▶ **ACTIVITY**
What you give back must match the data below character for character.

▶ **DATASET CONTENT**
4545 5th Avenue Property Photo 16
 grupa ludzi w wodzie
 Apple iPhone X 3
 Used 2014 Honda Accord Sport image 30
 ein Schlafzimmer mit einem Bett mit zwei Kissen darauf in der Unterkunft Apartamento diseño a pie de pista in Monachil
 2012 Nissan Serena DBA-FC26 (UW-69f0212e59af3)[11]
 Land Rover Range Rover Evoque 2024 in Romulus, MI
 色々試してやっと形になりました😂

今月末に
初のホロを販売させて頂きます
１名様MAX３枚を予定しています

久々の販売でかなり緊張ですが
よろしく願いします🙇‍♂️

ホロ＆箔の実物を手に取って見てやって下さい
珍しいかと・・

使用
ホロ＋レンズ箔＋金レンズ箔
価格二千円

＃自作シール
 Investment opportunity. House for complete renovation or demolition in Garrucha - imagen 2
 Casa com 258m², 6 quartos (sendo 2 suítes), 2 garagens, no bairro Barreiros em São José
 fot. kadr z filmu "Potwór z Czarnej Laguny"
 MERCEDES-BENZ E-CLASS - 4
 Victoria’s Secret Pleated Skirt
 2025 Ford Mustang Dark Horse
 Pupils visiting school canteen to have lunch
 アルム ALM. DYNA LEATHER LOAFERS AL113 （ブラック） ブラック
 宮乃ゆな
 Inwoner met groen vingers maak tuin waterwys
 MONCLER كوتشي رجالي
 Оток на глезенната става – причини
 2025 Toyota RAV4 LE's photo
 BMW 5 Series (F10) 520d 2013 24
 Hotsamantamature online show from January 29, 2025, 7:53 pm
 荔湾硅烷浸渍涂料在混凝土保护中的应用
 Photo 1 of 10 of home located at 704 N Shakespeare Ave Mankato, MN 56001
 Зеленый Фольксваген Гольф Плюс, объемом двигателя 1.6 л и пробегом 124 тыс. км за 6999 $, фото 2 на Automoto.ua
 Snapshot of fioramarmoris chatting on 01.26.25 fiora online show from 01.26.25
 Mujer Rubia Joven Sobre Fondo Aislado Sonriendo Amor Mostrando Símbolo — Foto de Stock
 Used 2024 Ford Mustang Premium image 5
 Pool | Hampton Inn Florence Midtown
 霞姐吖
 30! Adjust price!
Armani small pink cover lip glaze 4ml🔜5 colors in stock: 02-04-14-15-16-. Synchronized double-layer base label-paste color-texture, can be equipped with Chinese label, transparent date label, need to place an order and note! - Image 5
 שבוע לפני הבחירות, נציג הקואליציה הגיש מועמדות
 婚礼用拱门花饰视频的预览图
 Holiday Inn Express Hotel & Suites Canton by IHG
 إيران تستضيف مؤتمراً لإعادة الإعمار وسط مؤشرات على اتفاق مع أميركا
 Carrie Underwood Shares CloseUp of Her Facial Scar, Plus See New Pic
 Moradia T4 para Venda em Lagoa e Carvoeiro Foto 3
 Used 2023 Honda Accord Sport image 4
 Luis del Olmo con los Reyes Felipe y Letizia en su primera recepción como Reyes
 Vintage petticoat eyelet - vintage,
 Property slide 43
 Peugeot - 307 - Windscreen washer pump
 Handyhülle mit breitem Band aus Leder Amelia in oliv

▶ **PROBLEM SOLUTION**
4545 5th Avenue Property Photo 16
 grupa ludzi w wodzie
 Apple iPhone X 3
 Used 2014 Honda Accord Sport image 30
 ein Schlafzimmer mit einem Bett mit zwei Kissen darauf in der Unterkunft Apartamento diseño a pie de pista in Monachil
 2012 Nissan Serena DBA-FC26 (UW-69f0212e59af3)[11]
 Land Rover Range Rover Evoque 2024 in Romulus, MI
 色々試してやっと形になりました😂

今月末に
初のホロを販売させて頂きます
１名様MAX３枚を予定しています

久々の販売でかなり緊張ですが
よろしく願いします🙇‍♂️

ホロ＆箔の実物を手に取って見てやって下さい
珍しいかと・・

使用
ホロ＋レンズ箔＋金レンズ箔
価格二千円

＃自作シール
 Investment opportunity. House for complete renovation or demolition in Garrucha - imagen 2
 Casa com 258m², 6 quartos (sendo 2 suítes), 2 garagens, no bairro Barreiros em São José
 fot. kadr z filmu "Potwór z Czarnej Laguny"
 MERCEDES-BENZ E-CLASS - 4
 Victoria’s Secret Pleated Skirt
 2025 Ford Mustang Dark Horse
 Pupils visiting school canteen to have lunch
 アルム ALM. DYNA LEATHER LOAFERS AL113 （ブラック） ブラック
 宮乃ゆな
 Inwoner met groen vingers maak tuin waterwys
 MONCLER كوتشي رجالي
 Оток на глезенната става – причини
 2025 Toyota RAV4 LE's photo
 BMW 5 Series (F10) 520d 2013 24
 Hotsamantamature online show from January 29, 2025, 7:53 pm
 荔湾硅烷浸渍涂料在混凝土保护中的应用
 Photo 1 of 10 of home located at 704 N Shakespeare Ave Mankato, MN 56001
 Зеленый Фольксваген Гольф Плюс, объемом двигателя 1.6 л и пробегом 124 тыс. км за 6999 $, фото 2 на Automoto.ua
 Snapshot of fioramarmoris chatting on 01.26.25 fiora online show from 01.26.25
 Mujer Rubia Joven Sobre Fondo Aislado Sonriendo Amor Mostrando Símbolo — Foto de Stock
 Used 2024 Ford Mustang Premium image 5
 Pool | Hampton Inn Florence Midtown
 霞姐吖
 30! Adjust price!
Armani small pink cover lip glaze 4ml🔜5 colors in stock: 02-04-14-15-16-. Synchronized double-layer base label-paste color-texture, can be equipped with Chinese label, transparent date label, need to place an order and note! - Image 5
 שבוע לפני הבחירות, נציג הקואליציה הגיש מועמדות
 婚礼用拱门花饰视频的预览图
 Holiday Inn Express Hotel & Suites Canton by IHG
 إيران تستضيف مؤتمراً لإعادة الإعمار وسط مؤشرات على اتفاق مع أميركا
 Carrie Underwood Shares CloseUp of Her Facial Scar, Plus See New Pic
 Moradia T4 para Venda em Lagoa e Carvoeiro Foto 3
 Used 2023 Honda Accord Sport image 4
 Luis del Olmo con los Reyes Felipe y Letizia en su primera recepción como Reyes
 Vintage petticoat eyelet - vintage,
 Property slide 43
 Peugeot - 307 - Windscreen washer pump
 Handyhülle mit breitem Band aus Leder Amelia in oliv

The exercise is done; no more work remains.